Opened 11 years ago

Closed 11 years ago

Last modified 9 years ago

#12010 closed (fixed)

Add `ewkb` and `hexewkb` properties and document the GEOS IO Classes

Reported by: James Owned by: jbronn
Component: GIS Version: 1.1
Severity: Keywords:
Cc: Triage Stage: Accepted
Has patch: no Needs documentation: yes
Needs tests: no Patch needs improvement: no
Easy pickings: no UI/UX: no

Description (last modified by Alex Gaynor)

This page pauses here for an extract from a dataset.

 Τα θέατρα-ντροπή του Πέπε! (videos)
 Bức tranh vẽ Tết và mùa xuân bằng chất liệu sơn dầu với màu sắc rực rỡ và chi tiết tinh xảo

The documentation states that the hex member returns the HEXEWKB of a geometry. This isn't true, it is only returning the hex value without the SRID embeded into it as the HEXEWKB should.
Example of issue:

> p = django.contrib.gis.geos.GEOSGeometry('POINT(2 3)',4326)
> p.ewkt
 'SRID=4326;POINT (2.0000000000000000 3.0000000000000000)'
> p.hex
 (FROM PostGres with PostGIS)
 postgres=# SELECT GeometryFromText('POINT(2 3)', 0);
 (1 row)
 postgres=# SELECT GeometryFromText('POINT(2 3)', 4326);
 (1 row)

The output above verifys that the SRID information isn't being returned as part of the hex result of the geometry. Either the documentation is incorrect and a method should be provided that does return the HEXEWKB or there is a bug where the srid isn't being considered when calculating the HEXEWKB value.

The documentation I am looking at:

Change History (9)

comment:1 Changed 11 years ago by Alex Gaynor

Description: modified (diff)

Please use preview.

comment:2 Changed 11 years ago by James

Alex, thanks for the formatting fix, I did use preview but wasn't sure how to fix it until now.

Getting the correct HEXEWKB value is important to my application so I have researched a bit further and in sources for django.contrib.gis.geos the hex method documentation states:

        Returns the HEX of the Geometry -- please note that the SRID is not
        included in this representation, because the GEOS C library uses
        -1 by default, even if the SRID is set.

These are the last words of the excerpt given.